Diane Arbus and the American Art Scene

Diane Arbus, Frank Stella, silver print, 1966.

Among the highlights in Swann’s October 22 auction of Photographs & Photographic Literature are Diane Arbus’s portraits of key figures in the American Art Scene for a 1966 story in Harper’s Bazaar. Arbus’s largest magazine assignment addressed how New York City had supplanted Paris as the epicenter of the art world.

Diane Arbus, Lee Bontecou, silver print, 1966.

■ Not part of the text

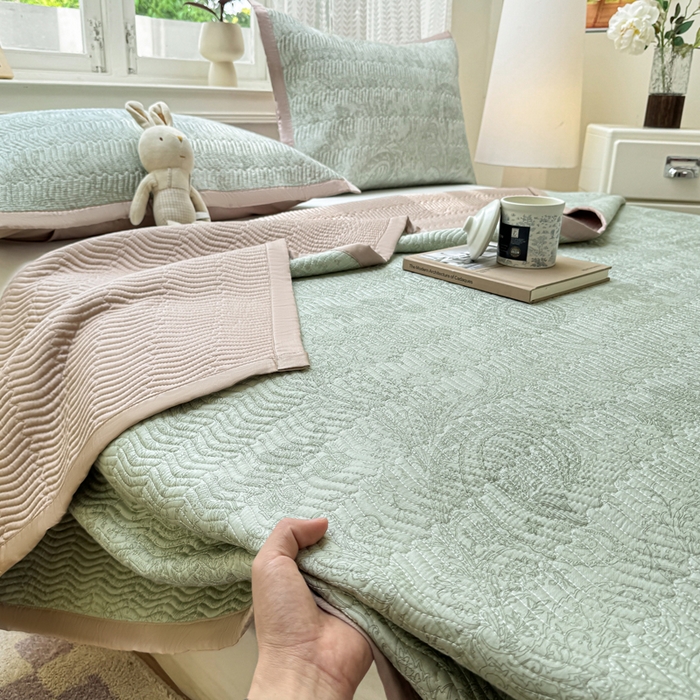 91家纺网 家纺一手货源 找家纺 满座家居 2026 新款莫代尔天丝床盖三件套小清新床盖（含手提包装） 香岛巴黎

The story featured 12 emerging American artists including Lee Bontecou, Roy Lichtenstein, Agnes Martin, Claes Oldenburg and Frank Stella, each captured by Artbus’s honest and revealing portraiture. Six of the photographs are included in Swann’s upcoming auction, and each of the photographs is accompanied by an authentication letter from The Estate of Diane Arbus, signed and dated by Doon Arbus.

Diane Arbus, Roy Lichtenstein, silver print, 1966.

Arbus posed each artist distinctly and without artifice. They are shown in bare rooms or nondescript outdoor locations. These are intimate portraits made from the perspective of another artist.

Diane Arbus, Claes Oldenburg and his wife, Patty, silver print, 1966.

By taking a brief hiatus from her usual subjects—transvestites, hermaphrodites, little people, giants and circus performers—she removed the veil of celebrity and showed each artist as an individual with a decidedly human dimension.